I'm trying to implement a simple voting score in a csv file using pandas. Basically, if the `dataframe['C'] == Active and dataframe['Count'] == 0, then dataframe['Combo'] == 0. If dataframe['C'] == Active and dataframe['Count'] == 1; then dataframe['Combo'] == 1. If dataframe['C'] == Active and dataframe['Count'] == 2; then dataframe['Combo'] == 2 and so on.
This is my dataframe:
A B C Count Combo
Ptn1 Lig1 Inactive 0
Ptn1 Lig1 Inactive 1
Ptn1 Lig1 Active 2 2
Ptn2 Lig2 Active 0 0
Ptn2 Lig2 Inactive 1
Ptn3 Lig3 Active 0 0
Ptn3 Lig3 Inactive 1
Ptn3 Lig3 Inactive 2
Ptn3 Lig3 Inactive 3
Ptn3 Lig3 Active 4 3
This is my code so far for clarity:
import pandas as pd
df = pd.read_csv('affinity.csv')
VOTE = 0
df['Combo'] = ''
df.loc[(df['Classification] == 'Active') & (df['Count'] == 0), 'Combo'] = VOTE
df.loc[(df['Classification] == 'Active') & (df['Count'] == 1), 'Combo'] = VOTE + 1
df.loc[(df['Classification] == 'Active') & (df['Count'] == 2), 'Combo'] = VOTE + 2
df.loc[(df['Classification] == 'Active') & (df['Count'] > 3), 'Combo'] = VOTE + 3
My code was able to do this correctly. However, there are two 'Active' values for the pair Ptn3-Lig3; one at dataframe['Count'] = 0 and another at dataframe['Count'] = 4.

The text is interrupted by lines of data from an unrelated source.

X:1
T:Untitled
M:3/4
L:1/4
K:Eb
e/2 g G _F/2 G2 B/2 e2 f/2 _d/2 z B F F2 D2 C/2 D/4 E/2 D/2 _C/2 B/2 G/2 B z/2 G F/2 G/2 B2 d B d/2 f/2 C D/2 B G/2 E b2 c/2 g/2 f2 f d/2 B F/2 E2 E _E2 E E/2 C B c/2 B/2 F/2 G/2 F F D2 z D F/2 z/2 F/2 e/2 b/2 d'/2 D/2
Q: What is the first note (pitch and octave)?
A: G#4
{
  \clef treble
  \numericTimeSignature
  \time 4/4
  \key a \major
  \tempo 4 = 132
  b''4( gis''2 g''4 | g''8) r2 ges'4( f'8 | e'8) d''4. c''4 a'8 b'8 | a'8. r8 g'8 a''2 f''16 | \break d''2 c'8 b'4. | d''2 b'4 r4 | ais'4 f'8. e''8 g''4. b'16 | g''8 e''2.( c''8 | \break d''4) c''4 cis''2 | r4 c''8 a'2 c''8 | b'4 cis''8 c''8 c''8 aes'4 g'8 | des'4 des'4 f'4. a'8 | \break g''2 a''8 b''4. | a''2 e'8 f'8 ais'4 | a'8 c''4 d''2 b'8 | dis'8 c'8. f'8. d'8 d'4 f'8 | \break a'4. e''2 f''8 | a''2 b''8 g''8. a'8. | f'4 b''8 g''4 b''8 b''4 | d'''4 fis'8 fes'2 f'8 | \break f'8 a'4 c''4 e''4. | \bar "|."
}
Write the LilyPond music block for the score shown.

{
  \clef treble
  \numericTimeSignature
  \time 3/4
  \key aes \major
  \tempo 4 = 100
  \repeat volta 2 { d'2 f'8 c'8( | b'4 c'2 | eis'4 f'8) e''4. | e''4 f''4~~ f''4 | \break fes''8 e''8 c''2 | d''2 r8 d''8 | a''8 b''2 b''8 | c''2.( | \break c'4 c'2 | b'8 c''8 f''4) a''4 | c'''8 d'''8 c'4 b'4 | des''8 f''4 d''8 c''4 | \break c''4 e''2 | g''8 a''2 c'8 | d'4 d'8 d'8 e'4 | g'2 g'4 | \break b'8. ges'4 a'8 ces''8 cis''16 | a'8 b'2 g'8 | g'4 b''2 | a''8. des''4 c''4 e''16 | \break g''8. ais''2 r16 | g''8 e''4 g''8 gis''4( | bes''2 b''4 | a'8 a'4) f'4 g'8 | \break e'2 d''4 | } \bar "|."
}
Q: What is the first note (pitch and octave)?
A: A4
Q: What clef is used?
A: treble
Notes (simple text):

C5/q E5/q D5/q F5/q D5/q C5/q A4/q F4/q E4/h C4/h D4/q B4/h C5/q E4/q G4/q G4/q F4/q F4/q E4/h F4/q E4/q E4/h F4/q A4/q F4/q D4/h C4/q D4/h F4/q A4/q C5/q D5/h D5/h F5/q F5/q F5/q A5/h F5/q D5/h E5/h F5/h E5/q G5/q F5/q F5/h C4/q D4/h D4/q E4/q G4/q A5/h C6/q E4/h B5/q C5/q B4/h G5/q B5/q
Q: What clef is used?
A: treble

Is there a way to ignore the second value (i.e. consider only the smallest dataframe['Count'] value) and add the corresponding number to dataframe['Combo']?
I know pandas.DataFrame.drop_duplicates()might be a way to select only unique values, but it would be really good avoid deleting any rows.